Prompt: Set the images aside and retype the whole listing exactly.

Dataset section:
================
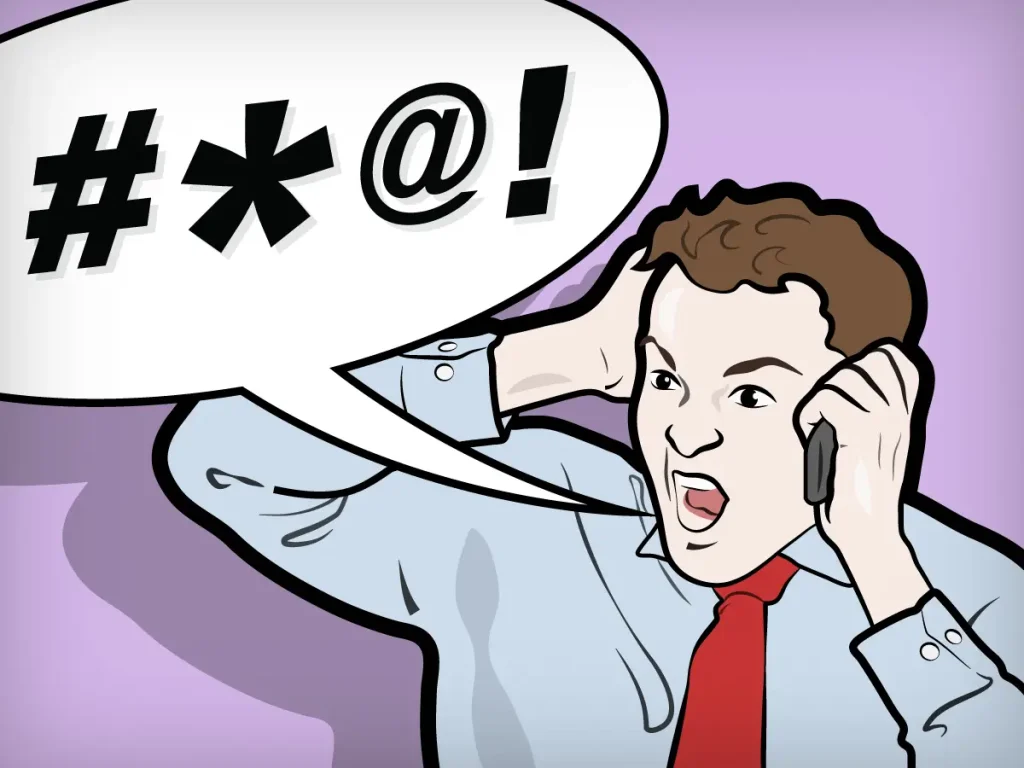 The Etymology of Dirty Words: The True Meaning of Your Favorite Curse Words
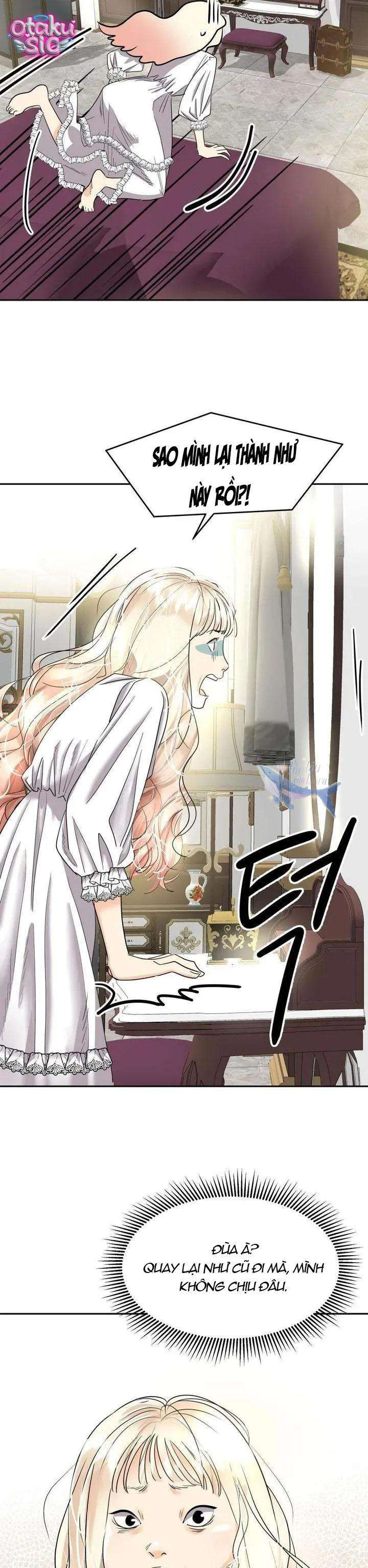 Hoàng Hậu Son Môii - Chap 3 - Trang 4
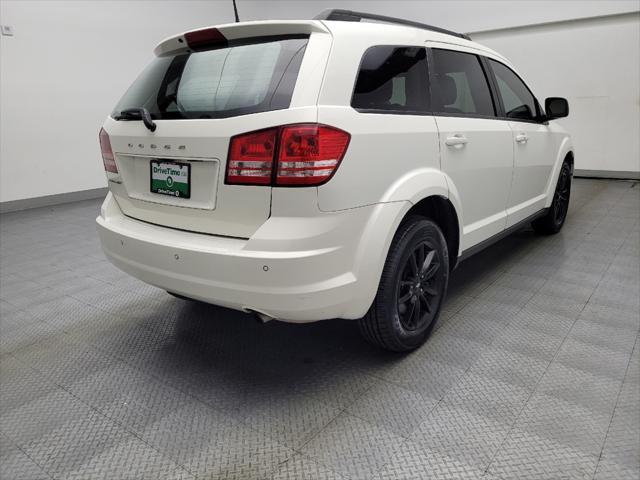 used 2020 Dodge Journey car, priced at $15,395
================
Solution to this problem:
 The Etymology of Dirty Words: The True Meaning of Your Favorite Curse Words
 Hoàng Hậu Son Môii - Chap 3 - Trang 4
 used 2020 Dodge Journey car, priced at $15,395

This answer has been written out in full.